Ed’s Back Bay Ramblers

They started with their theme song, Dream Sweetheart, and played many of Ed’s favorite songs and vocals, aptly sung by Nancy McGhee.

Nancy singing

Nancy McGhee

Nancy gave a strong, effervescent singing performance, beginning with Daddy, Won’t You Please Come Home.   Nancy is a graduate of Berklee and is Choral Director at Lawrence High School Performing Arts.  She sang songs of the Boswell Sisters, An Evening In Caroline, Eva Taylor’s 1937 Clarence Williams’ Top of The Town, Mildred Bailey’s  Commentating on You.  She also touched on Ed’s favorite vocalist, Annette Henshaw, with The Right Kind of Man.

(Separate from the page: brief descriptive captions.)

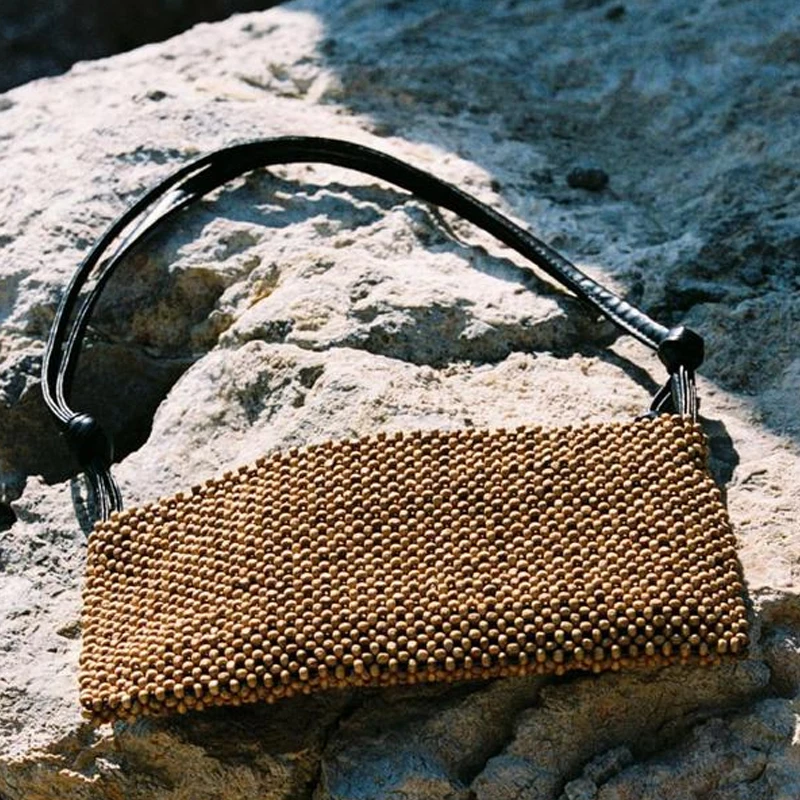 

Плетеные пляжные сумки ручной работы для женщин: роскошные дизайнерские сумки и клатчи 2026 года, новинка, из деревянных бусин, тонкие, на плечо/подмышку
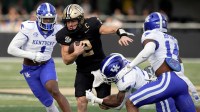 Vanderbilt quarterback Diego Pavia (2) runs the ball against Kentucky during the first half at FirstBank Stadium in Nashville, Tenn., Saturday, Nov. 22, 2025.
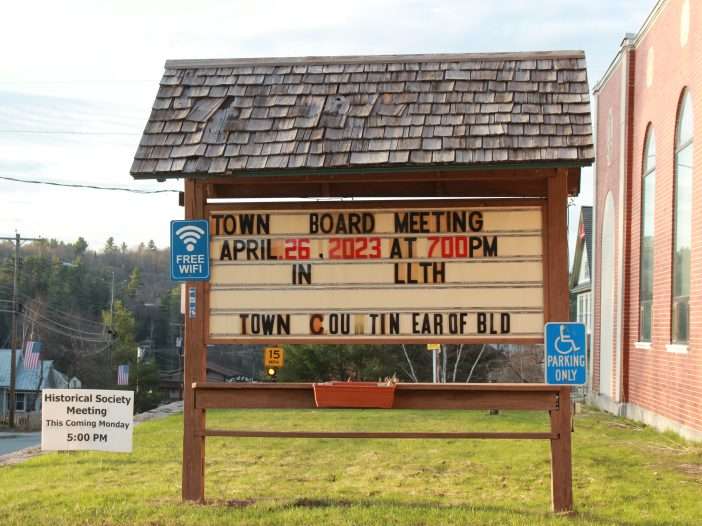 A small a-frame sign with a shingled roof shows details of a town board meeting outside of Long Lake Town Hall.
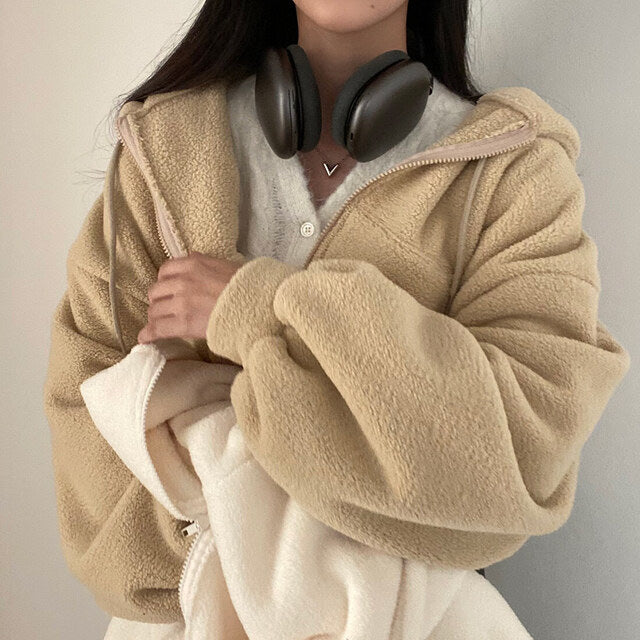 Frau in beiger Teddyjacke mit Kopfhörern um den Hals, hält weiße Decke. Modetrend, Herbstmode, gemütlicher Look, Damenbekleidung.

The Band played Little By Little done by the Louisiana Rhythm Kings in 1929.   Tiny Parham’s dark, somber Congo Love Song, arranged by Bob Connors.   Cho King was arranged by pianist Robin Verdier.

Dan holds megaphone with left foot

Dan holds megaphone with left foot

 

 

Alcoholic Blues, 1929 by Doc Daugherty, Dan Gabel with a slow, moaning muted trombone.

Dan was featured on The River and Me, playing trombone into a 4-foot megaphone braced on his left foot.

 

 

 

 

He took the first chorus on Red McKenzie’s 1929 Hello Lola, done by the Mound City Blue Blowers.  It featured all the guys with many marvelous solos by the front line.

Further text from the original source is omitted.